Modern psychosomatics, as an interdisciplinary scientific discipline, has several approaches:
- Psychoanalytic, which takes the basis of intrapersonal conflict, considered the main cause of psychosomatic disorders.
- Proponents of the cognitive approach describe the physical ailments as a violation of cognitive processes and, as a result, inhibition of the process of personality development.
- The behavioral approach suggests that certain behavioral strategies, primarily avoidance, lead to somatic diseases.
- The humanistic approach considers crises and the impossibility of self-expression of a person to be the root of psychological problems.
Light Psychosomatics Course
In the framework of the mentioned approaches, the complex mechanisms of the launch of psychosomatic disorders and various reasons leading to certain psychosomatic manifestations are described in different ways.

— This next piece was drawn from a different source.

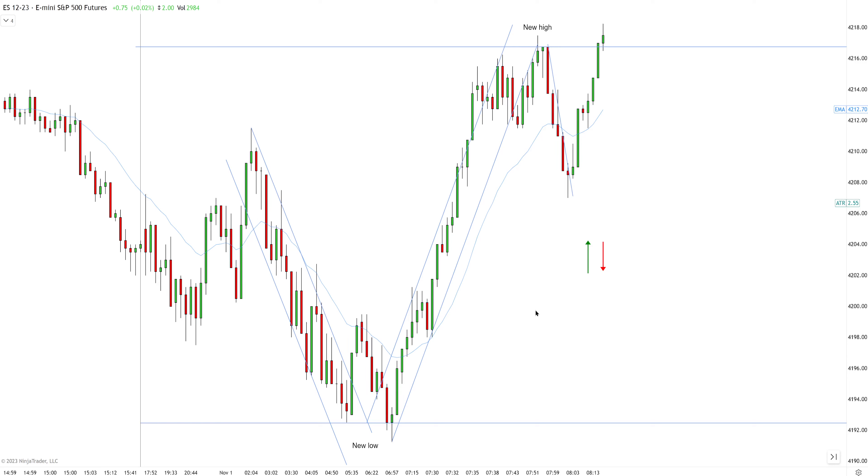Hi guys, welcome back to another price action trading lesson. We're going to discuss how to identify high probability setups using price action rules.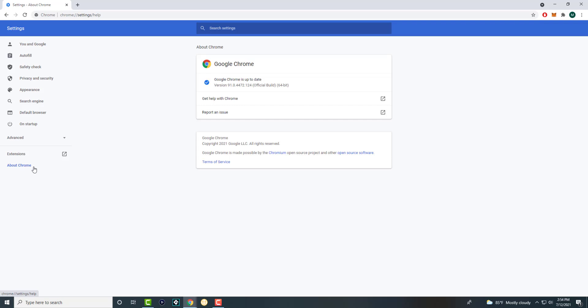If it doesn't, what you can then do next is you want to click into all the way on the bottom left called About Chrome. And if your Chrome version is not updated to the latest version, update it. It'll pop up over here. It'll update it and it'll restart. And this should kind of fix the issue and you should be good to go.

It is difficult for an uninitiated person without an appropriate education to understand this “confusion”. Therefore, in recent years, a more systematic and simplified approach to psychosomatics has gained popularity.
This is, first of all, a kind of summary tables of the relationship of specific diseases with probable mental causes. It is difficult to say how justified these supposed relationships are and whether they are empirically confirmed (in studies).
But returning to the original question of why crying is useful: many of these tables describe unclaimed tears, unspoken resentment and other hidden emotions as the causes of many (if not all) psychosomatic disorders. Therefore, the conclusion is: crying is useful!